Die Ankunft des neuen Jahres markiert einen neuen Beginn in unserem Leben. Die Einführung der Reform- und Öffnungspolitik in China in den vergangenen zwei Jahrzehnten hat seiner Wirtschaft eine rapide Entwicklung und dem Lebensstandard seiner Bevölkerung eine merkliche Verbesserung gebracht. Jeder hat seine eigenen Wünsche für das kommende Jahr. Die Mitarbeiter der Beijing Rundschau interviewten einige Einwohner Beijings.

Li Xiaoyu (18), Oberschülerin der Mittelschule Nr. 4 in Beijing

„Das Jahr 2003 bedeutet viel für mich, da ich dann 18 Jahre alt werde. In diesem wichtigen Jahr werden viele meiner Wünsche in Erfüllung gehen“, sagte Li Xiaoyu aufgeregt, der Druck vom Lernen schien zeitweilig weg zu sein.

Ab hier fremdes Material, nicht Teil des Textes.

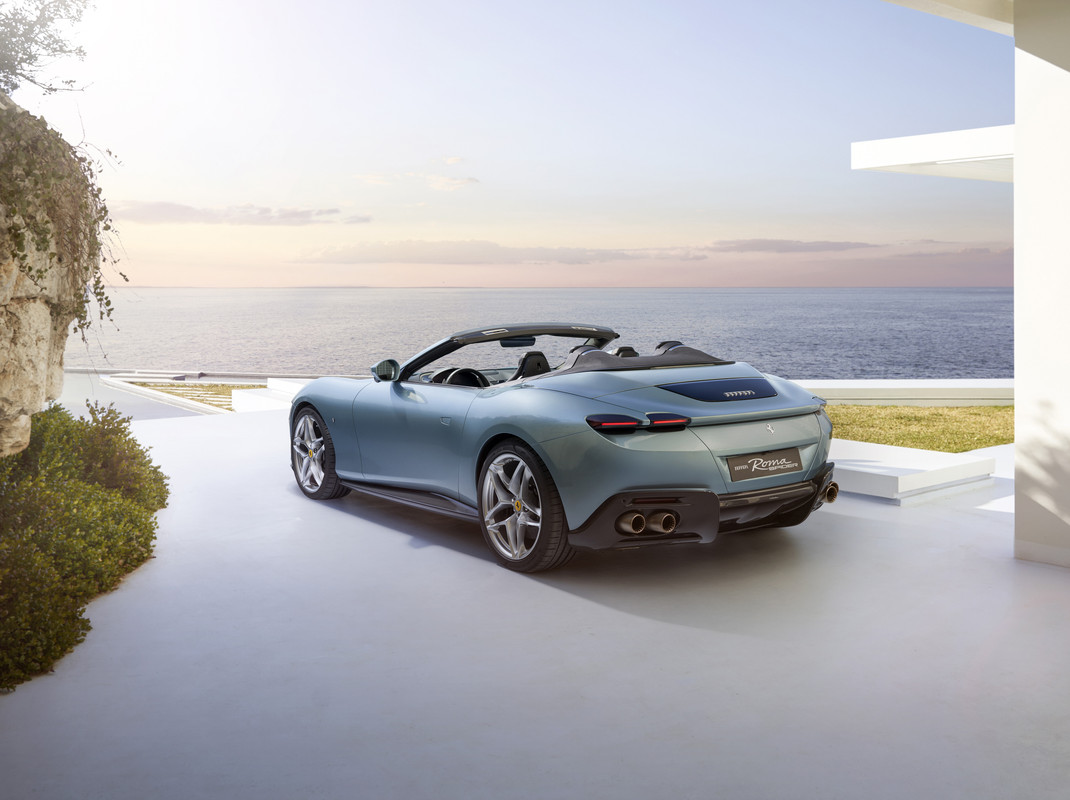 Ferrari_Roma_Spider_1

Für alle Schüler in China ist das letzte Jahr in der Mittelschule der Oberstufe das anstrengendste, da sie ihr Bestes tun müssen, um sich für die Teilnahme an der Hochschulaufnahmeprüfung vorzubereiten. Sie sind davon überzeugt, dass die Resultate der Prüfung den Rest ihres Lebens entscheiden werden. Jeder wünscht, von einer prominenten Universität wie der Tsinghua- oder der Peking-Universität aufgenommen zu werden. Leider werden nur 800 unter den 70 000 Bewerbern Beijings durch einen messerscharfen Wettbewerb von der Tsinghua- oder der Peking-Universität aufgenommen. Zweifelsohne ist Li Xiaoyus Wunsch, eine der Glücklichen darunter zu sein.

Sie sagte: „Am 6. April ist mein 18. Geburtstag. Ich hoffe, dass ich einen Digital-Camcorder von meinen Eltern bekommen werde. Ich werde alles aufnehmen, was an meinem Geburtstag und im Rest meines Lebens passieren wird.“ Digital-Camcorder sind ein heißes Thema, über das die Oberschüler in Beijing häufig sprechen.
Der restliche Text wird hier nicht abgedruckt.